L’ordine politico però sta a metà e pencola fra (dis)ordine simbolico e (dis)ordine costituzionale, e si vede dallo stato in cui versa. Una terza schiera si scalda già ai bordi del campo, per puntualizzare che la consegna a re Giorgio II non implica nessuna pacificazione: Bindi contro Letta, Marini contro Renzi e contro tutti, altri pdini illusi (in mala fede) che l’incoronamento non porti di per sé al governissimo, il corteo dei berlusconiani, diventati improvvisamente uomini di stato armati contro il populismo eversivo di Grillo e dimentichi del populismo eversivo del Cavaliere, che scommettono sulla restituzione dell’Imu, le misere guarnigioni del Professor Monti, improvvisamente ringalluzzite, che ritirano fuori dall’armamentario della campagna elettorale l’unione dei riformisti perbene contro l’intrusione permale di Vendola. Come se niente fosse successo: potenza della coazione a ripetere.

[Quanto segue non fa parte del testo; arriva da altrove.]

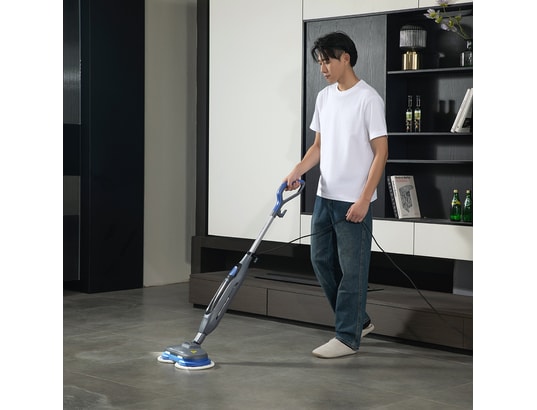 EZICLEAN - Nettoyeur vapeur STEAM WAVE 360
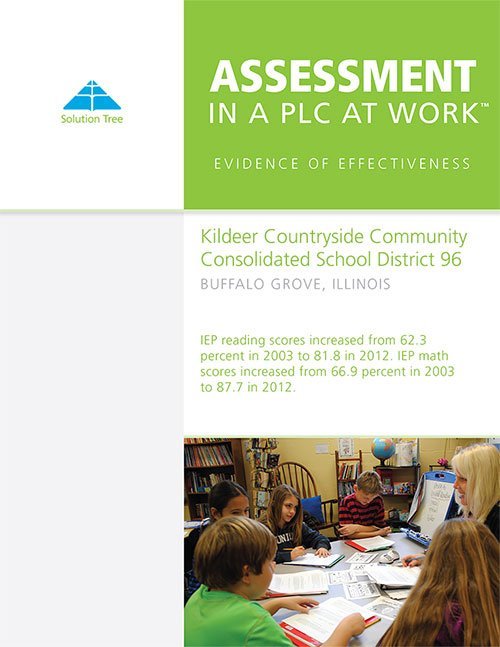 PLC Assessment Case Study: Kildeer Countryside Community Consolidated School District 96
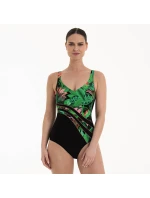 Style jednodílné plavky smaragd model 21159097 - Anita Classix Style jednodílné plavky smaragd model 21159097 - Anita Classix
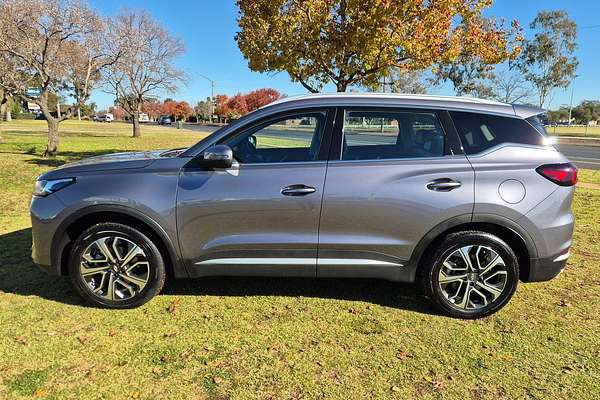 2024 Chery Tiggo 7 Pro Urban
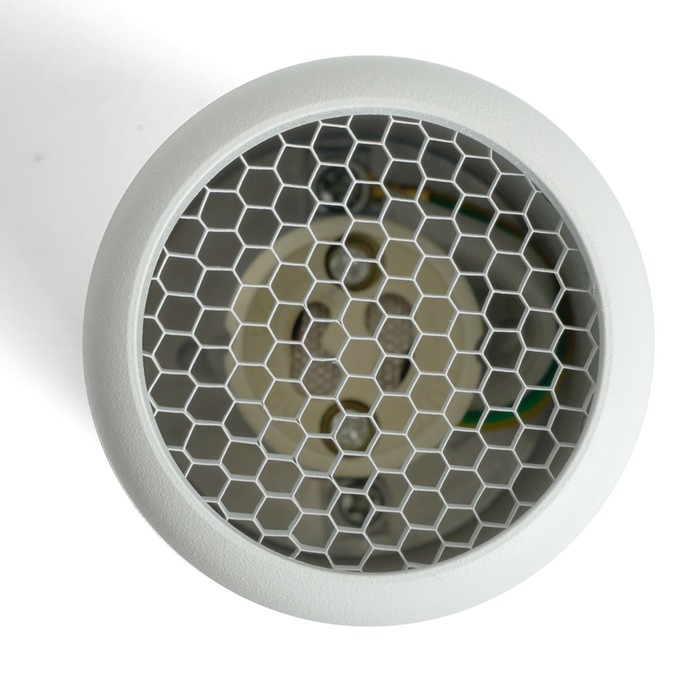 Светильник потолочный Feron ML184, IP20, GU10, 35 Вт, 54х54х100 мм, цвет белый - фото 1886099244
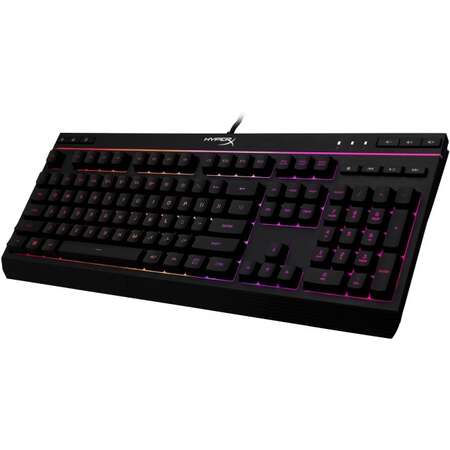 Tastatura HyperX Alloy Core RGB Negru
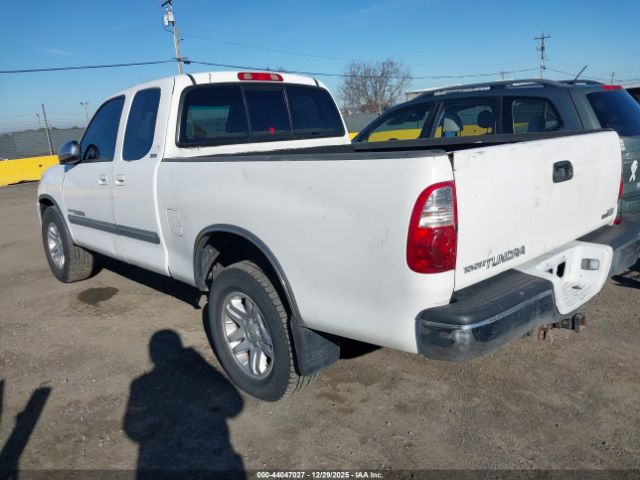 2006 TOYOTA TUNDRA 5TBRT34146S474163 Photo 2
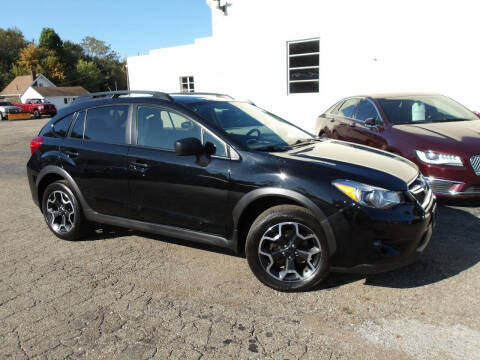 2015 Subaru XV Crosstrek 2.0i Premium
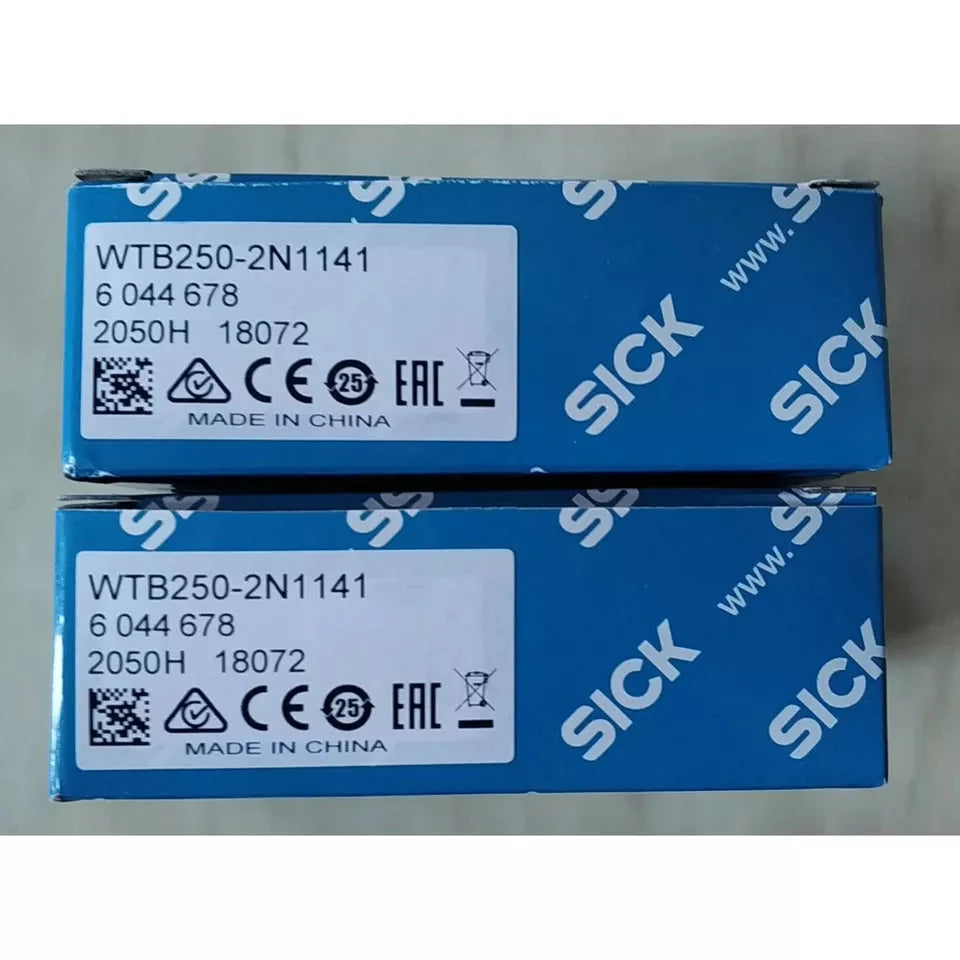 new 1PC Sick WTB250-2N1141 Photoelectirc Sensor WTB2502N1141 - SICK [3]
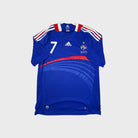 2007/08 France Domicile - Malouda 7 (M) - Iconic Football Shop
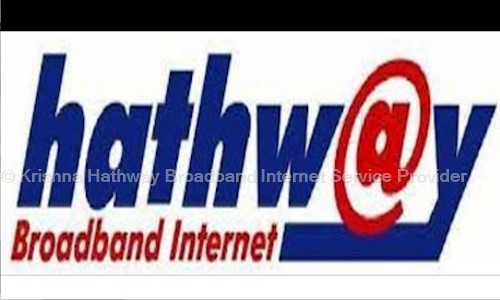 Krishna Hathway Broadband Internet Service Provider in Nahur West, Mumbai - 400078
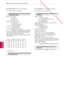 Page 154 Downloaded from www.vandenborre.be
154
NLD
SETUP EXTERN BESTURINGSSYSTEEM
NEDERLANDS
 
24. 3D (commando: x t) (alleen 3D-modellen)
 
► De 3D-modus voor de TV wijzigen.
Transmissie [x][t][  ][Instellen ID][  ][Data01][  ][Data02]
[  ][Data03][  ][Data04][Cr]
  25. 3D (commando: x v) (alleen 3D-modellen)
 
► De 3D-optie voor de TV wijzigen.
Transmissie [x][v][  ][Instellen ID][  ][Data01][  ]
[Data02][Cr]
Data01  00:  3D Aan
  01:  3D Uit
 

02: 3D naar 2D
  03: 2D naar 3D
Data02 00:   boven en onder...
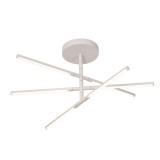 Mantra TORCH 6827 modern függeszték fehér alumínium led 36W 2850lm 2850 lm 3000 K IP20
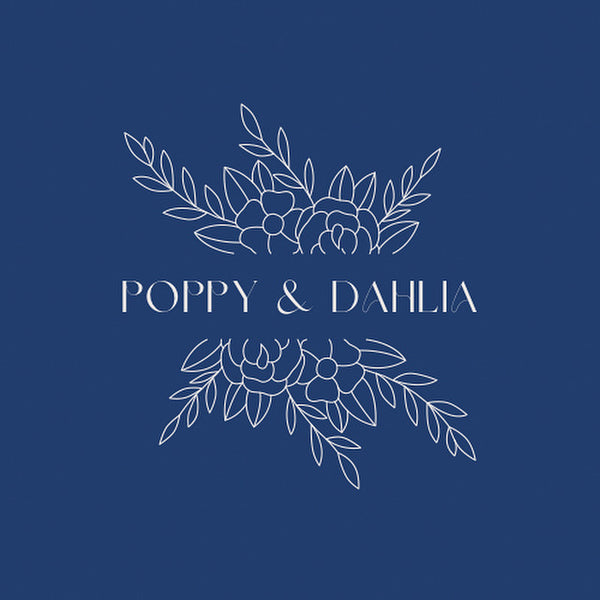 Poppy & Dahlia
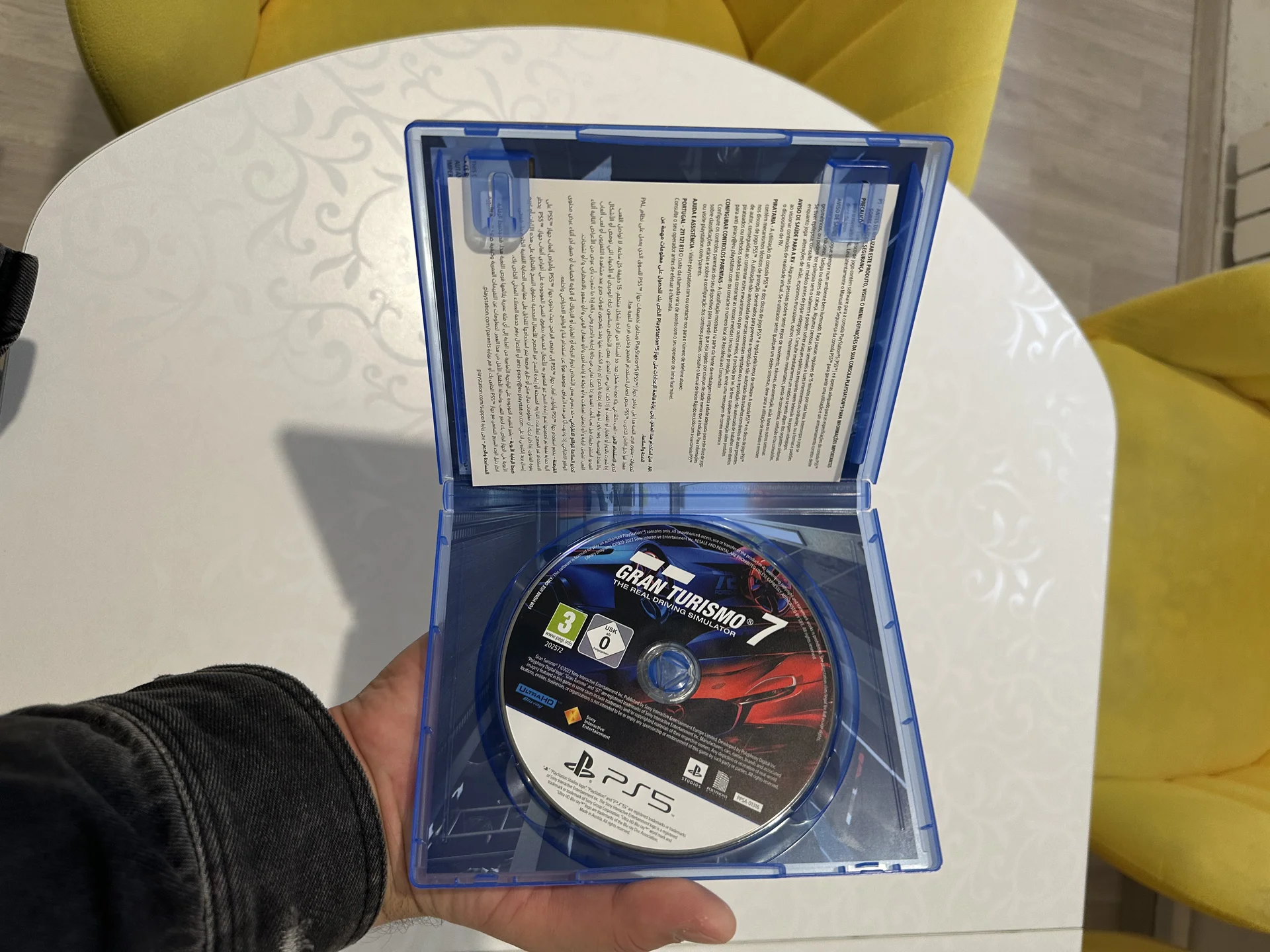 Gran Turismo 7 - миниатюра 3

La stessa coazione che muove i passi sicuri del re. Che tramite i suoi quirinalisti di fiducia fa sapere che ora non si scherza: niente elezioni all’orizzonte, e ”un governo non precario, pienamente politico, forte e vero, di salvezza nazionale, per il quale vuole carta bianca”. Quando era ancora Giorgio I, pochi giorni fa, commemorando il suo amico Gerardo Chiaromonte il re aveva già detto chiaro e tondo che per risolvere la crisi di oggi altra strada non c’era che questa: salvezza nazionale, unità nazionale, larghe intese. La sua coazione a ripetere sta in questa giaculatoria. Noi che abbiamo la fortuna di ricordare come andò nel biennio ’76-’78 sappiamo che significa una cosa sola, questa. Quando di fronte a una crisi sociale che non vuole vedere e all’irruzione di linguaggi alieni che non vuole capire un sistema politico si irrigidisce e si arrocca su se stesso, fino ad espungere perfino un uomo come Stefano Rodotà reo di dialogo con quei linguaggi alieni, quel sistema politico è destinato a spezzarsi. C’è da sperare,  stavolta, senza le tragedie e le vittime sacrificali che chiusero quella stagione allora.